Infine: non ho difficoltà a dire che non mi piace per nulla la discriminante di "religione giudaico - crisiana" (buddisti e neo-pagani non prevedono reati nello svolgimento delle loro pratiche). Ma non ho nemmeno difficoltà a dire che trovo l'applicazione pedissequa dei precetti del Corano, così come avviene anche in molti casi anche nel nostro territorio, del tutto antitetica rispetto al nostro ordinamento. Soprattutto nei passi in cui si riconosce l'eguaglianza dei sessi, le libertà individuali e il divieto di riduzione in schavitù.
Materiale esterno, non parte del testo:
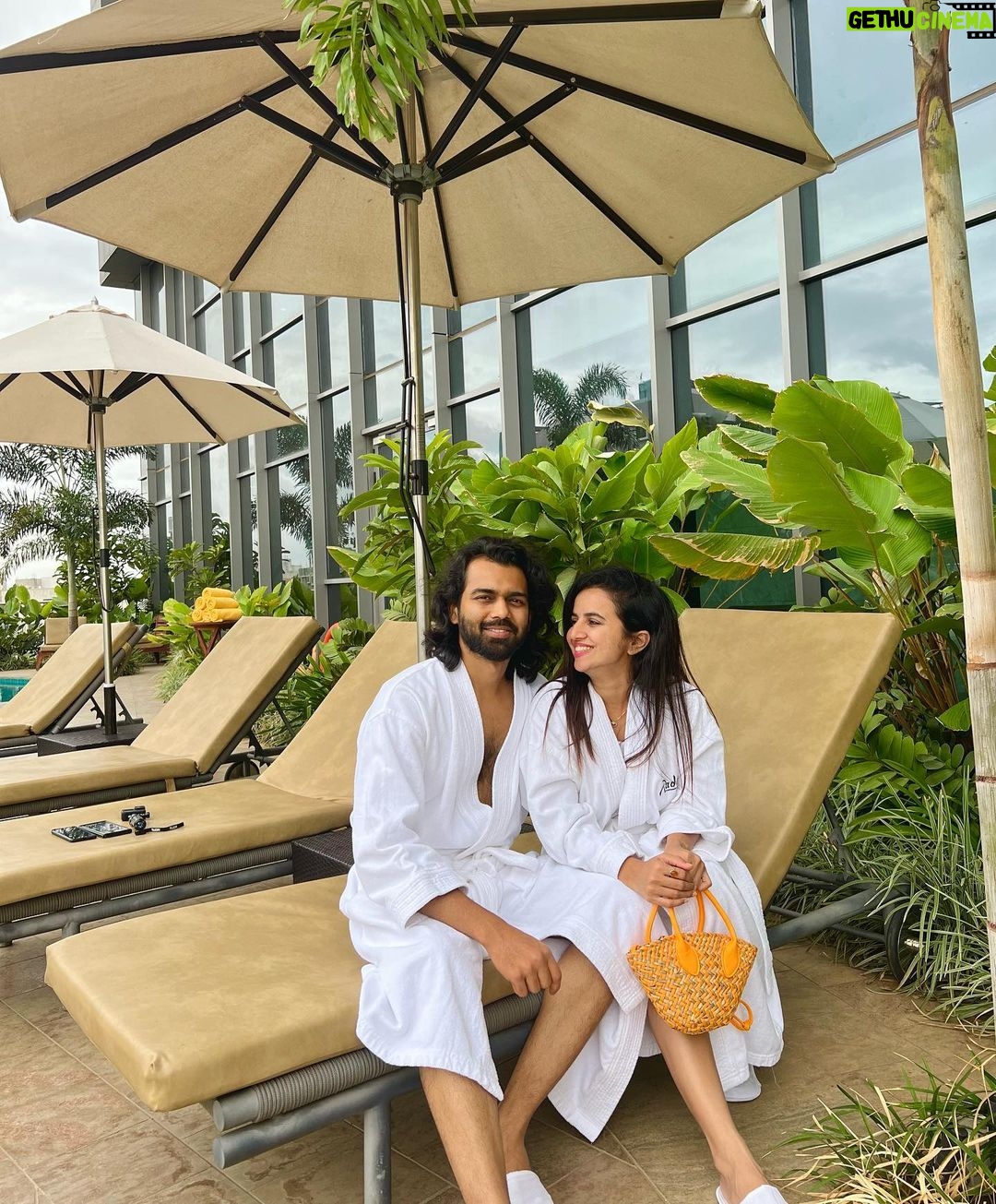 Bhavini Purohit Instagram - Live for the moments you can’t put into words 🫶🏻 @dhavalmavreck . Location : @radissonbluhotelspanashik , Nashik . #influencer #couple #couplegoals #babe #love #travel #travelgram #cozy #weather #pooltime #loveislove #trending #bhavinipurohit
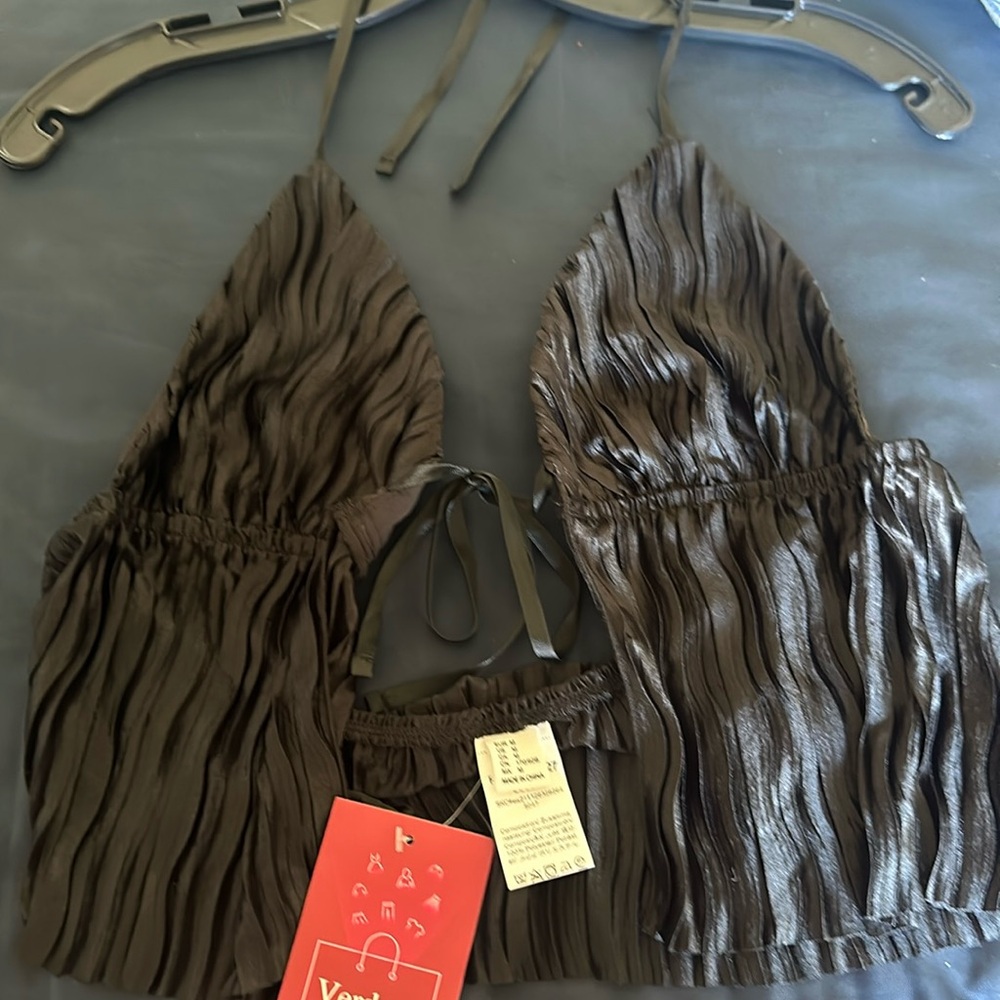 black crop top, going out shirt, never worn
Stato di fatto in cui vivono molte donne "di proprietà" del marito.

Gioann

Anonimo ha detto...

caro emanuele.. considerando "italiani" persone che non lo sono (con o senza leggi e leggine a tuo favore) non fai altro che provocare nelle persone la reazione razzista: "se tutti sono italiani quanto me, fanculo la cittadinanza, fanculo la legge, meglio guardare direttamente di che religione sei, o di che colore hai la pelle".

ed è quello che sta avvenendo, con il benestare di leggi imbecilli che non tutelano gli autoctoni, e con una massa di smidollati che le usano a loro piacimento e goduria masochista spesso snaturate del loro intento primigenio, ovvero utilizzate al di fuori dell'interesse che quelle stesse leggi avrebbero dovuto tutelare.

stai pur certo che quando gli allogeni saranno più di noi, non ci renderanno il favore.

tress

Spirou ha detto...

Pollì, non la prendo lunga e mi limito a ribadire che in nome delle differenze che citi non mi arrogo la presunzione di giudicare in maniera tanto approssimativa una realtà complessa e articolata come quella mussulmana (che raccoglie come ben sai più di un miliardo di persone nel mondo e vive di molteplici interpretazioni e differenze,appunto)che non è sinonimo naturale di maschilismo e violenza (salvo chi la vuole interpretare ed esercitare così, islamici e antislamici compresi).
Poi c'è una questione fondamentale che riguarda il rispetto della costituzione e la garanzia del diritto delle minoranze di esercitare il proprio culto religioso. Se l'osservanza "pedissequa" sfocia nel reato c'è una legislazione apposita, ma è intollerabile che un'ammnistrazione scavalchi sovversivamente la costituzione danneggiando inevitabilmente i diritti di tutti i cittadini italiani, mussulmani e non.